"Shame on me if I rave about this 1974 LP for just one song, as the southern rockers´ second release is as good as anything they ever produced. In fact, it´s just about as good a swamp rock/hard boogie masterwork as you can find. But, aided by 45rpm status, it delivers what is the punchiest, most visceral, kick-ass incarnation yet of a song known intimately to every air-guitarist worth his imaginary strings: ´Sweet Home Alabama.´ When a new edition adds something indescribable to a track you might have heard a hundred times via a dozen formats, then that is reason enough to buy. Try not playing this as loud as your system allows" — Sound Quality: 90% — Ken Kessler, Hi Fi News, September 2018
"MoFi may have the rest of their catalogue, but Chad Kassem´s coup is grabbing this album, the band´s second, from 1974. Why? Because it kicks off with their anthem, the inimitable, riff-driven, majestic ´Sweet Home Alabama´ — one of the greatest air-guitar/road trip songs ever. By this time, the band was a mite slicker but just as unapologetically Confederate-with-a-capital ´C´ as on their debut. The opener does overshadow the rest, but the album serves up what the LP title promises in ´The Needle And The Spoon,´ which sounds like ´Sweet Home Alabama II.´ Musically, this nestles alongside Little Feat and The Allman Brothers Band — deservedly high praise." — Ken Kessler, Hi-Fi News, April 2014
Get ready for some Southern hospitality, courtesy of Analogue Productions, Quality Record Pressings and one of the hardest-rocking bands to ever grace a stage! With a catalog of over 60 albums and sales beyond 30 million, Lynyrd Skynyrd remains a cultural icon that appeals to all generations.
This Lynyrd Skynyrd 1974 album now is pressed at 45 RPM on four glorious sides of 180-gram vinyl from the best presser in the business, Quality Record Pressings. The dead-quiet double-LP, with the music spread over four sides of vinyl, reduces distortion and high frequency loss as the wider-spaced grooves let your stereo cartridge track more accurately.

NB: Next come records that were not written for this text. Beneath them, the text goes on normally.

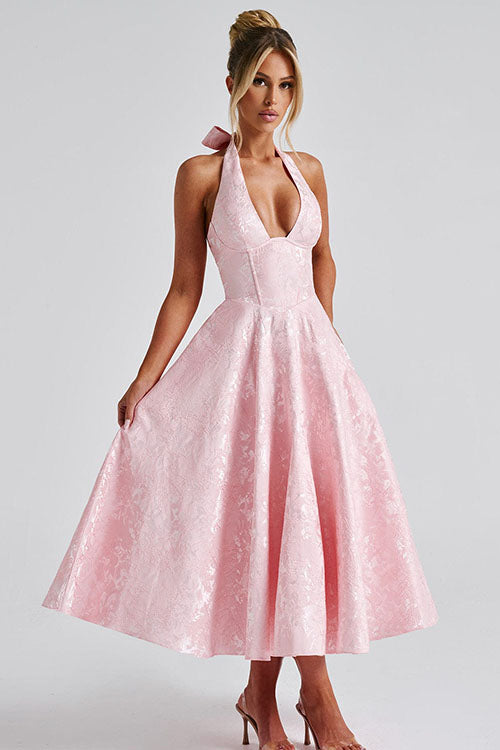 Women’s Midi Dress | Flared Halter Neck Structured Fit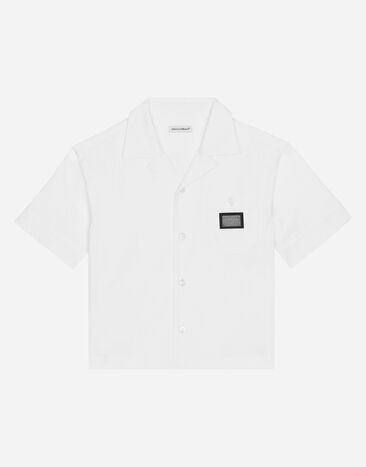 Dolce & Gabbana Camisa de popelina elástica con placa con logotipo Imprima L44S10FI5JO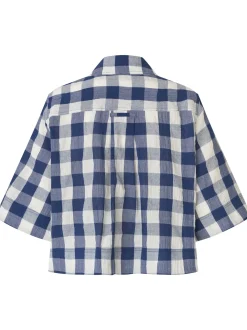 Masai Damen Hemdbluse in blau weiß - Ärmel: Halbarm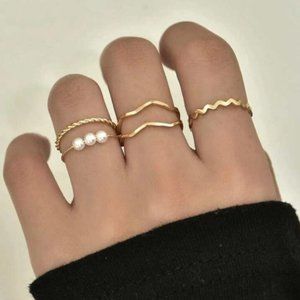 5 piece Faux Pearl Stacking Rings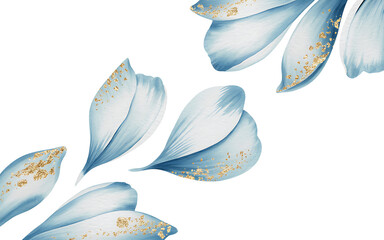 Abstract Blue Flower Petals with Gold Dusting on White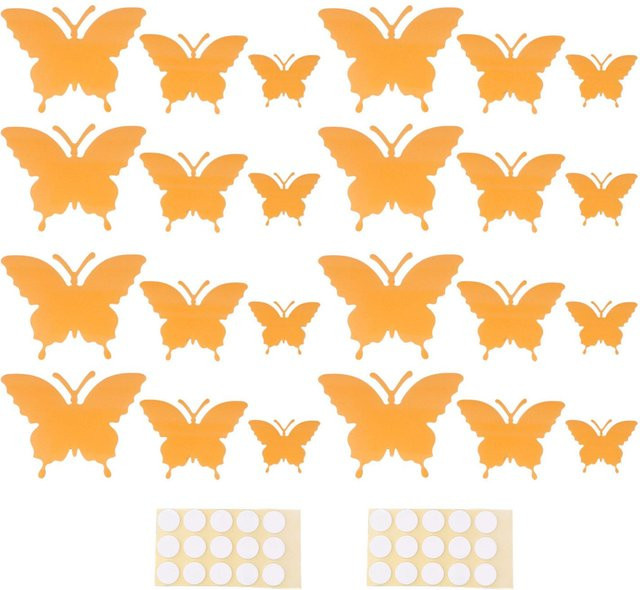 2 Set Leuchtende Insekten Aufkleber von OutsideWorld in Orange und Beige aus PVC mit 3D Stereoskopischem Insektenmuster und rückstandsfreier Haftung - Bild 1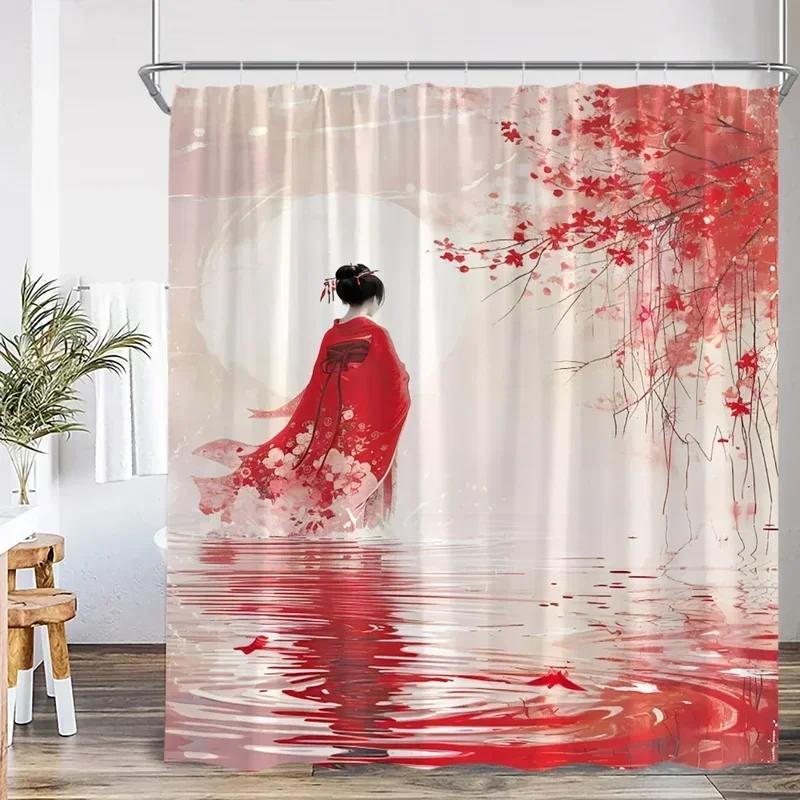 Ink Painting Shower Curtain Chinese Asian Style Cherry Blossom Japanese Woman Classical Bathroom Decor Polyester Bath Curtain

Second Helping follows the success of "Free Bird" and "Gimme Three Steps" from their 1973 debut and features their biggest hit single, "Sweet Home Alabama," an answer to Neil Young´s "Southern Man" and "Alabama." The song reached No. 8 on the Billboard Hot 100 chart in August 1974. Second Helping also featured "Don´t Ask Me No Questions," "Workin´ for MCA" and "Call Me The Breeze," the latter of which includes an acclaimed piano solo. Backed by a tight rhythm section and the mighty three-guitar attack of Allen Collins, Ed King and Gary Rossington, singer Ronnie Van Zant turns in a legendary performance on the urgent blues ballad "I Need You," the cautionary "The Needle And The Spoon" and "The Ballad Of Curtis Loew." 200-gram vinyl, mastering by Kevin Gray, lacquer plating by QRP´s Gary Salstrom, heavy, tip-on gatefold jacket. None better.